Secretaria reforça que busca imediata por atendimento no SUS e cuidados simples em casa ajudam a evitar casos graves
Com a elevação das temperaturas e o aumento das chuvas, cresce a presença de escorpiões em áreas urbanas de Mato Grosso do Sul, elevando também o número de acidentes envolvendo esses animais peçonhentos. Pequenos e de difícil visualização, eles costumam se esconder dentro de residências, representando risco especialmente para crianças e idosos.
Diante desse cenário, a Secretaria de Estado de Saúde (SES) reforça orientações importantes sobre prevenção e atendimento em casos de picada.
Em caso de acidente, a recomendação é procurar atendimento médico imediatamente. A vítima deve ser encaminhada à unidade de saúde mais próxima, como Unidades Básicas de Saúde (UBS) ou Unidades de Pronto Atendimento (UPA), onde será realizada a avaliação clínica inicial.
No Sistema Único de Saúde (SUS), o fluxo de atendimento prevê que, conforme a gravidade do caso, o paciente possa ser encaminhado para unidades de referência que dispõem do soro antiescorpiônico, utilizado em situações moderadas ou graves, conforme indicação médica.
Antes do deslocamento, a orientação é lavar o local da picada com água e sabão e manter a calma. Práticas como torniquetes, cortes, perfurações ou aplicação de substâncias caseiras não são recomendadas e podem agravar o quadro clínico.
Se possível e sem risco, levar o escorpião ou uma foto do animal pode auxiliar na identificação da espécie, mas essa ação não deve atrasar a busca por atendimento.
Atenção redobrada para crianças e idosos
A SES alerta que crianças pequenas e idosos fazem parte do grupo mais vulnerável. Nesses casos, o veneno pode evoluir mais rapidamente, provocando sintomas como vômitos, sudorese, alterações cardíacas e outros sinais de gravidade.
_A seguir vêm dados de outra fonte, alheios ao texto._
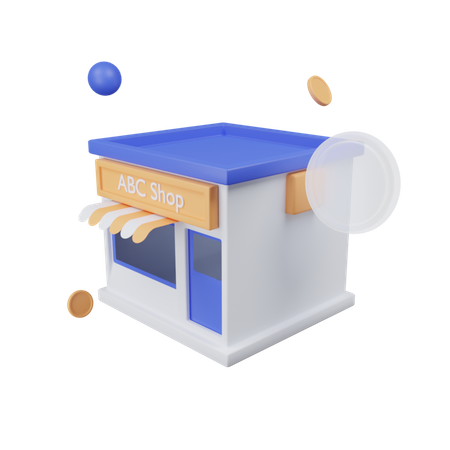 Magasin  3D Illustration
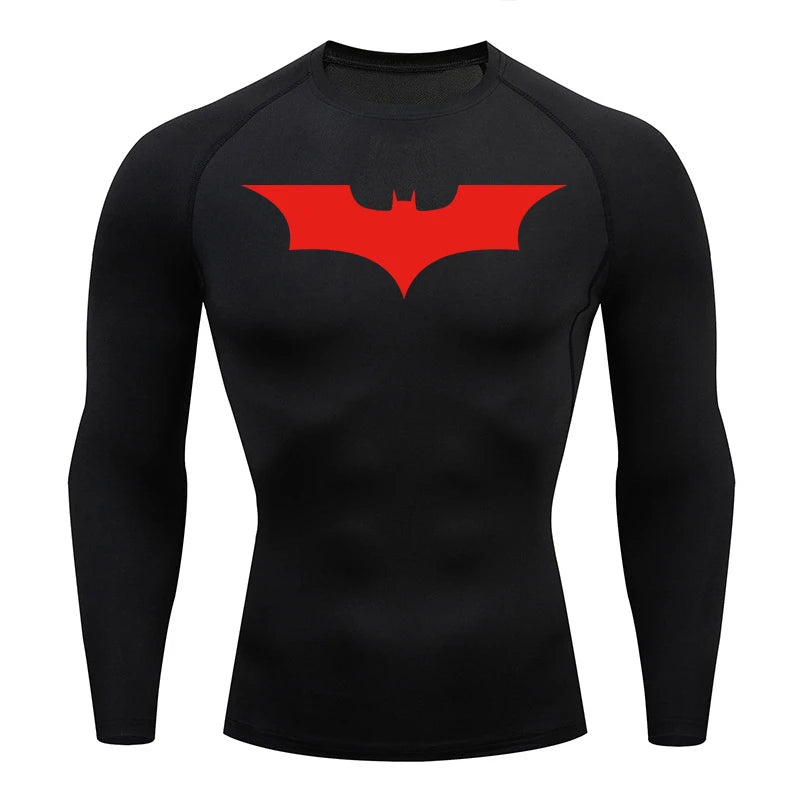 Fitted Crew Neck Long Sleeve Compression T Shirt
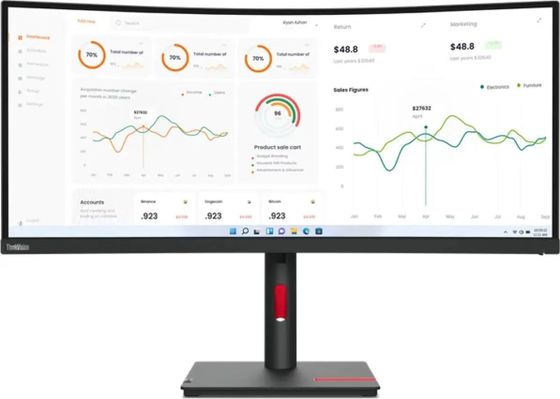 Монитор 34&quot; Lenovo ThinkVision T34w-30 черный IPS 21:9 3440x1440 60Гц (63D4GAT1UK)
Por isso, o atendimento deve ser imediato.
Como funciona o atendimento no SUS em MS
Em Mato Grosso do Sul, a rede pública de saúde está organizada para garantir resposta rápida a esse tipo de ocorrência. As unidades de atenção básica e urgência realizam o primeiro atendimento e, quando necessário, acionam a regulação para encaminhamento a hospitais de referência.
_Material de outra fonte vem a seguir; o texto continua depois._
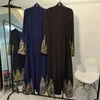 Vêtements ethniques de style dubaï femmes musulmanes ouvertes cardigan à manches longues robe maxi abaya kaftan jilbab cocktail caftan robe mode islam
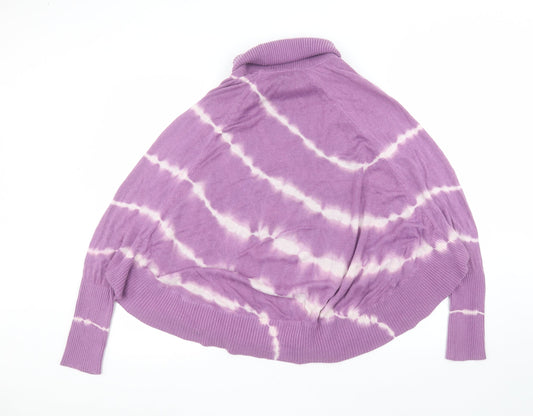 INC International Concepts Womens Purple Striped Pullover Jumper Size XL
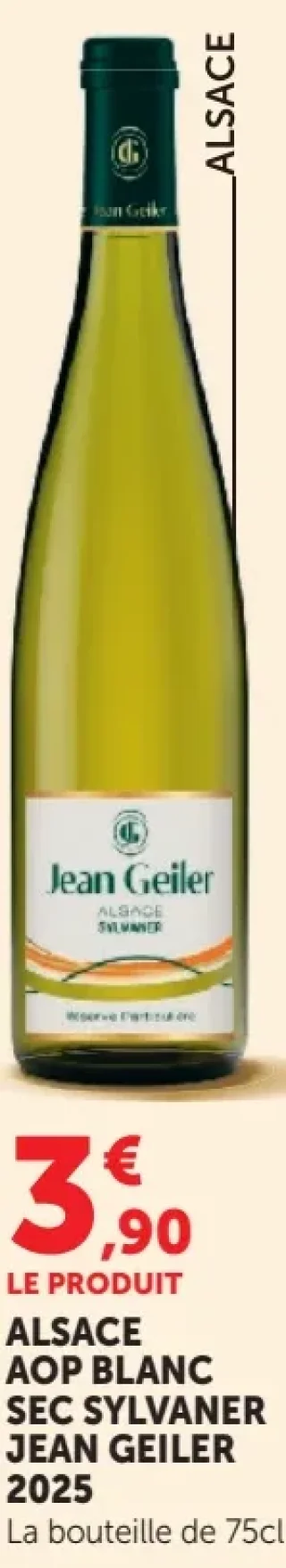 Alsace AOP Blanc Sec Sylvaner Jean Geiler 2025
O soro antiescorpiônico não está disponível em todas as unidades, sendo distribuído de forma estratégica na rede estadual para garantir acesso rápido e seguro conforme a gravidade do caso.
Prevenção começa dentro de casa
A SES reforça que a maior parte dos acidentes pode ser evitada com medidas simples no ambiente doméstico, como manter quintais limpos, sem entulhos ou lixo acumulado, vedar frestas em paredes e rodapés, utilizar telas em ralos e sacudir roupas e calçados antes do uso.
Também é importante evitar o acúmulo de materiais e controlar a presença de baratas, principal fonte de alimento dos escorpiões.
Segundo a Vigilância em Saúde Ambiental e Toxicológica da SES, o escorpião se adapta facilmente ao ambiente urbano, o que reforça a importância da prevenção contínua dentro das residências.
Com o período de calor e chuvas, as condições se tornam ainda mais favoráveis à reprodução desses animais, aumentando o risco de aparecimento em áreas urbanas.
A SES reforça que, mesmo em casos leves, a avaliação médica é essencial, já que a evolução pode variar de forma rápida e imprevisível.